◆ Aim of the exercise:
Take the lines below between the one holding "FITOVER | PC43299POL" and the one holding "Shampoo Blonde Perfector Schwarzkopf GLISS", inclusive, and copy them exactly. Add nothing.

=====

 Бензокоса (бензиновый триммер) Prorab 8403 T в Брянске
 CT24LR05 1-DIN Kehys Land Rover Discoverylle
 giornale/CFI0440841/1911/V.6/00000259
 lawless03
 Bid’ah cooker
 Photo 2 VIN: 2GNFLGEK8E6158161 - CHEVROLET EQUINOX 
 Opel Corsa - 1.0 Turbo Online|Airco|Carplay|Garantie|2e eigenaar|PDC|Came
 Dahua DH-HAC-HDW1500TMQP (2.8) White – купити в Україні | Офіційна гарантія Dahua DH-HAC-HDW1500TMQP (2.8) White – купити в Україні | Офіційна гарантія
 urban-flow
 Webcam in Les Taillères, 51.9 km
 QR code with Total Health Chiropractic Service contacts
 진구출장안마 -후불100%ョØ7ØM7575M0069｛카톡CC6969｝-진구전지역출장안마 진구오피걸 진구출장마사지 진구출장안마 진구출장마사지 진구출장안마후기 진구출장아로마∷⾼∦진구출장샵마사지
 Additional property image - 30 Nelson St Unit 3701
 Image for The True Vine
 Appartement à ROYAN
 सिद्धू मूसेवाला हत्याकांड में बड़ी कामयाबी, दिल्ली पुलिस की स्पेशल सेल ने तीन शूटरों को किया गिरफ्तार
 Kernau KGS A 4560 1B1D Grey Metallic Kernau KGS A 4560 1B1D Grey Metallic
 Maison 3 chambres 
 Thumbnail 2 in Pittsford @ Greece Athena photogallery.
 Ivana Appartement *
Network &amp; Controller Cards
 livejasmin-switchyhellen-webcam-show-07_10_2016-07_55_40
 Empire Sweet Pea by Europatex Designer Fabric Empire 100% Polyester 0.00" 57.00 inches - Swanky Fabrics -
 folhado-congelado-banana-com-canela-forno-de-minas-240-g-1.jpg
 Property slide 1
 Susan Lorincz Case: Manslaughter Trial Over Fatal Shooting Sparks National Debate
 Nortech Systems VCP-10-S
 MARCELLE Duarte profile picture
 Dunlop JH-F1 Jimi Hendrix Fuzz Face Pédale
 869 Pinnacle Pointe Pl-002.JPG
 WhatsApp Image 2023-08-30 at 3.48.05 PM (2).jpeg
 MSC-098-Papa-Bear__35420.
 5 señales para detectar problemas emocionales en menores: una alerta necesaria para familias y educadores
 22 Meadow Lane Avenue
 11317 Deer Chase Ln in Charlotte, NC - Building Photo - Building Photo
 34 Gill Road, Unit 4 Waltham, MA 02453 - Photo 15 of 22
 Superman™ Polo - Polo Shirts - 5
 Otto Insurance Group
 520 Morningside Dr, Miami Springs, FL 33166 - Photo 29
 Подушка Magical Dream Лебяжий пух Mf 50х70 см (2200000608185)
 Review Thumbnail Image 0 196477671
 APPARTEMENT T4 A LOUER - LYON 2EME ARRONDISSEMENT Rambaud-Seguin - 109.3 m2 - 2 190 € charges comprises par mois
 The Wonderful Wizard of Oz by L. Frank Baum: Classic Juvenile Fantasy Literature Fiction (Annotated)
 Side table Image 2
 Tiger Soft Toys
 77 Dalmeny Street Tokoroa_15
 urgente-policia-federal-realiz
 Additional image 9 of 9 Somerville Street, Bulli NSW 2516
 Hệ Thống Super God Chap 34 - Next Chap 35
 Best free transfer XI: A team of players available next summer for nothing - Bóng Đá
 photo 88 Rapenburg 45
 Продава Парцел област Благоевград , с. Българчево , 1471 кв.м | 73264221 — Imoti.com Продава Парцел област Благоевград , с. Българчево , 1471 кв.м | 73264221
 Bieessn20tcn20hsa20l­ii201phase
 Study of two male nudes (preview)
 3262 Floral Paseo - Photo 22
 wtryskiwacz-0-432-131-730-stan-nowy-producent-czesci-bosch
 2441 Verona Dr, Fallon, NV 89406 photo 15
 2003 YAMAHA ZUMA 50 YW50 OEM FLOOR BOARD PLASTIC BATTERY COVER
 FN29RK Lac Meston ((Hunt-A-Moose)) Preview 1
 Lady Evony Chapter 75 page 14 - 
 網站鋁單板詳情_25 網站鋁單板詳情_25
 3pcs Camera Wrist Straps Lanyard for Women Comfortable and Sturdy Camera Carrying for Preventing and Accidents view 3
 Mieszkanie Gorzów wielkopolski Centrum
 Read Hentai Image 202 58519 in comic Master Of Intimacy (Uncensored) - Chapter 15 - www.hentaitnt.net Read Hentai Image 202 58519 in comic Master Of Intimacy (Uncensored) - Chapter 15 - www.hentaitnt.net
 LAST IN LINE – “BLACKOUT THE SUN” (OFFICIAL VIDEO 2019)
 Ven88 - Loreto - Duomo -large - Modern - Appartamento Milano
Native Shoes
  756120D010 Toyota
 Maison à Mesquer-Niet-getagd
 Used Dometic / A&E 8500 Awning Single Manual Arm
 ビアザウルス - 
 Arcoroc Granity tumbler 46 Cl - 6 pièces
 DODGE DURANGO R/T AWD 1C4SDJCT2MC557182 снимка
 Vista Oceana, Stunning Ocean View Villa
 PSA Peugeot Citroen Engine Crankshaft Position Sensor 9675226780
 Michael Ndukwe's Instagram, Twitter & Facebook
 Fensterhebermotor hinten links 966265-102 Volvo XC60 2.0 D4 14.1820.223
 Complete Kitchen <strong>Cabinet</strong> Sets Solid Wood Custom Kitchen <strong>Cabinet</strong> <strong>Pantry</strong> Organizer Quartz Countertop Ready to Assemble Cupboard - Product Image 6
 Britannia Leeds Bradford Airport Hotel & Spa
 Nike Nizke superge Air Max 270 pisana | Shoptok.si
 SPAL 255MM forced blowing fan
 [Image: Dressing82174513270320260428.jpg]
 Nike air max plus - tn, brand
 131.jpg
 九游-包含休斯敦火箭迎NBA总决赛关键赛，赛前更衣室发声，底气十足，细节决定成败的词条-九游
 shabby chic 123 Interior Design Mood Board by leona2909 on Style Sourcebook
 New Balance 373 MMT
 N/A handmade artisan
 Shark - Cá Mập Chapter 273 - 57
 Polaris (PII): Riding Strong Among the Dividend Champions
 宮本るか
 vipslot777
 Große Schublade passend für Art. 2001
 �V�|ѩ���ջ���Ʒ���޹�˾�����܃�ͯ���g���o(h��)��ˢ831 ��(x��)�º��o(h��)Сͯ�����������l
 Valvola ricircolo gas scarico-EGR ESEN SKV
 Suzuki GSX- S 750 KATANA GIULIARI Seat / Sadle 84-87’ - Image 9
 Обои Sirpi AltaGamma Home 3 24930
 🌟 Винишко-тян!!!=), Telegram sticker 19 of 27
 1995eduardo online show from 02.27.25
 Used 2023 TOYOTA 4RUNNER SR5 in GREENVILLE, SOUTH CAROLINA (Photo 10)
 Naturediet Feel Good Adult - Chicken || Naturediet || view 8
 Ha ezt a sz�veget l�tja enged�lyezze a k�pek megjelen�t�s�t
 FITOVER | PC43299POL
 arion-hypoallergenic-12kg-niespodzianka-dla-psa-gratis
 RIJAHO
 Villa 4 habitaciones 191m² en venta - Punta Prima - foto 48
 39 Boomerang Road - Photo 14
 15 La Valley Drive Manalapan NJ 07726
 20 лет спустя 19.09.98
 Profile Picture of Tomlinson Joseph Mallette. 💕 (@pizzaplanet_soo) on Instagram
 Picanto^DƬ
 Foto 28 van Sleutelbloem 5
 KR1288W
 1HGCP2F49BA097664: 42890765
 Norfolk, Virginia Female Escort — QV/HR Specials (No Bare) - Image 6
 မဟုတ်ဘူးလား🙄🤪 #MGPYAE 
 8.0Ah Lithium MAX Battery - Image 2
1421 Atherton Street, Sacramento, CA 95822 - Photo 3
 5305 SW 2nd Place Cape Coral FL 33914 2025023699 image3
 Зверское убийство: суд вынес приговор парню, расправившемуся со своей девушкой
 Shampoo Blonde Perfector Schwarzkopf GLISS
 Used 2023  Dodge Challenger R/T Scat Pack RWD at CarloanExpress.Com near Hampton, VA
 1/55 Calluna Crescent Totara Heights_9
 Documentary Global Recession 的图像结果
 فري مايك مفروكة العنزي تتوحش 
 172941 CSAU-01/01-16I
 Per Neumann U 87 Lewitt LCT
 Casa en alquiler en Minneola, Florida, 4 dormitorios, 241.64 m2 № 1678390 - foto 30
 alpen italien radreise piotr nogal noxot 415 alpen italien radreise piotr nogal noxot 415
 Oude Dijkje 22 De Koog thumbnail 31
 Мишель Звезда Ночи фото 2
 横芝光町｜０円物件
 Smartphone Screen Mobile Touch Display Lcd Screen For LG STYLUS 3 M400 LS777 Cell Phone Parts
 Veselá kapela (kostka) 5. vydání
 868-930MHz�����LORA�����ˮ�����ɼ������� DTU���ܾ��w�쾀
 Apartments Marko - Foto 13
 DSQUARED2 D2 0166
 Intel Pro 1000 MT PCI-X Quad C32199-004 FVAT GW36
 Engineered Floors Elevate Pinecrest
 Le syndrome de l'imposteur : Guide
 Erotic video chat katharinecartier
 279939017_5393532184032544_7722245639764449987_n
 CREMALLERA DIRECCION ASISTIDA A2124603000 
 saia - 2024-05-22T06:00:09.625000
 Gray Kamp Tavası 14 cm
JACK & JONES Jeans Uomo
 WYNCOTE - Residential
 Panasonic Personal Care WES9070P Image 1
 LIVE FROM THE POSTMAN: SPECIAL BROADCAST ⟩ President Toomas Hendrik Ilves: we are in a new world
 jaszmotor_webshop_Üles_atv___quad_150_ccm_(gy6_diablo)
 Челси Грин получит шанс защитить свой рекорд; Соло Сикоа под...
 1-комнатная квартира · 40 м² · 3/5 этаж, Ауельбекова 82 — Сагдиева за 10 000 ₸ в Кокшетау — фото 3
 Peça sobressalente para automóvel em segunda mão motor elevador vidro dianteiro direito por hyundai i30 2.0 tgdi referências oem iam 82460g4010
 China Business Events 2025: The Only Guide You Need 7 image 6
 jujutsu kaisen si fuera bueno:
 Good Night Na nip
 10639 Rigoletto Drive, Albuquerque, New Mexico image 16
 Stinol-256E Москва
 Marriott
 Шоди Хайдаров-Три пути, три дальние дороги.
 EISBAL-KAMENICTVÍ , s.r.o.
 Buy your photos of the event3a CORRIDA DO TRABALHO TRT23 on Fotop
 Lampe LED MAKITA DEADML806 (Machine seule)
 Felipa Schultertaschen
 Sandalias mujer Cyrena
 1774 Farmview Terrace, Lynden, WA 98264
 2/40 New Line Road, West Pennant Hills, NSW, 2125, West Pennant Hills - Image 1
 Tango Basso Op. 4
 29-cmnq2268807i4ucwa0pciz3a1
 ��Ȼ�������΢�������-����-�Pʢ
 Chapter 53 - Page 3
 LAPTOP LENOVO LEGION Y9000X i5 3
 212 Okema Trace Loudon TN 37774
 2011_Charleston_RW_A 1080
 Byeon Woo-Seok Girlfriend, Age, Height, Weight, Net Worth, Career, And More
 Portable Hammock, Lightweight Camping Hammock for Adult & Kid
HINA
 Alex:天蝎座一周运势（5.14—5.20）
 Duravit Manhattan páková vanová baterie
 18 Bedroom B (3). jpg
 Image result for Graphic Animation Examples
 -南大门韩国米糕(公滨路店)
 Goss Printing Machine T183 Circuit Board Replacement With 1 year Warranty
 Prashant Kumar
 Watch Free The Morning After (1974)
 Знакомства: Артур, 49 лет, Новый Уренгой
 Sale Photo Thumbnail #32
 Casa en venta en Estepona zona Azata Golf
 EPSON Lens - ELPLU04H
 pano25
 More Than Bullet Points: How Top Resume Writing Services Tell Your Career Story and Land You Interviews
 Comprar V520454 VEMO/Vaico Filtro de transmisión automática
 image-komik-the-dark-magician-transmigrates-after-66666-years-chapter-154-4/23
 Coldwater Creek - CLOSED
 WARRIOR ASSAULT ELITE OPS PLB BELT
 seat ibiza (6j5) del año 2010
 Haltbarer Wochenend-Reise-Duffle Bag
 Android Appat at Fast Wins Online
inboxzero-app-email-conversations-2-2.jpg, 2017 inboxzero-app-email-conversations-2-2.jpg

=====

◆ Answer to this problem:
 FITOVER | PC43299POL
 arion-hypoallergenic-12kg-niespodzianka-dla-psa-gratis
 RIJAHO
 Villa 4 habitaciones 191m² en venta - Punta Prima - foto 48
 39 Boomerang Road - Photo 14
 15 La Valley Drive Manalapan NJ 07726
 20 лет спустя 19.09.98
 Profile Picture of Tomlinson Joseph Mallette. 💕 (@pizzaplanet_soo) on Instagram
 Picanto^DƬ
 Foto 28 van Sleutelbloem 5
 KR1288W
 1HGCP2F49BA097664: 42890765
 Norfolk, Virginia Female Escort — QV/HR Specials (No Bare) - Image 6
 မဟုတ်ဘူးလား🙄🤪 #MGPYAE 
 8.0Ah Lithium MAX Battery - Image 2
1421 Atherton Street, Sacramento, CA 95822 - Photo 3
 5305 SW 2nd Place Cape Coral FL 33914 2025023699 image3
 Зверское убийство: суд вынес приговор парню, расправившемуся со своей девушкой
 Shampoo Blonde Perfector Schwarzkopf GLISS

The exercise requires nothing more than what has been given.